Magnussen believes that it is improving on the bad days rather than trying to improve its good ones, that should be the focus over the winter.
"It has been a season of ups and downs," said the Dane. "Performance-wise some races we have been very good, and at other races, we have been pretty poor. So next year we need to try to find more consistency.
"We don't necessarily need to focus on our highs because they are quite high. We just need to raise the lower bar so we don't have those awful weekends."
Magnussen suggested that some of the inconsistency in Haas's performance comes from the fact that it does not have the huge numbers of staff that big money rivals have.
Asked about where he felt the team's weakness was, he said: "I think it is a general understanding of the car that perhaps isn't strong enough. And also tyres, we don't have any specific tyre specialists.

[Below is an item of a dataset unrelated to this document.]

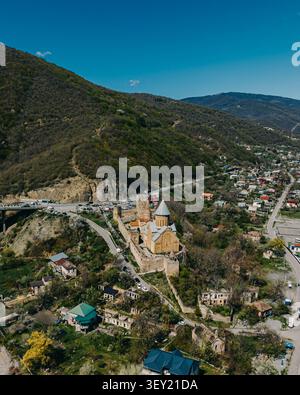 Aus der Vogelperspektive auf die Festung Ananuri mit dem umliegenden Dorf und der gewundenen Straße in den georgischen Bergen. Stockfoto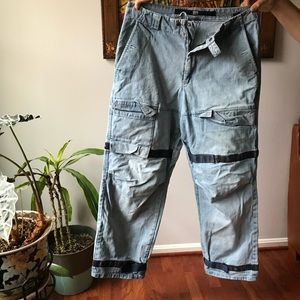 Girbaud Jeans. Light wash with blue straps.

"We have people in the team who have a lot of experience but their expertise isn't tyres, it is engineering, vehicle dynamics and aerodynamics.
"We need some specific tyre people and then also a better general understanding of the aero, our maps and correlation."
However, Magnussen believes that being a smaller outfit does hand Haas some advantages when it comes to being able to react quicker or not get dragged down by politics.
"It is lacking in size of course compared to the teams I've been to previously, but it has a lot of strength in other areas," he said.
"You really have a lot of synergy in the team and everyone is working together, whereas I found in other teams, big teams, that you have the different departments growing very big.
"So sometimes they have a hard time agreeing and finding a direction because one department wants this because they are aero and the other department wants this because they are vehicle dynamics.
"It can become a challenge when you have a massive team.
"You have strengths that outweigh the challenges, but I feel like there is some strength as well by being small and being one team where everyone is working together."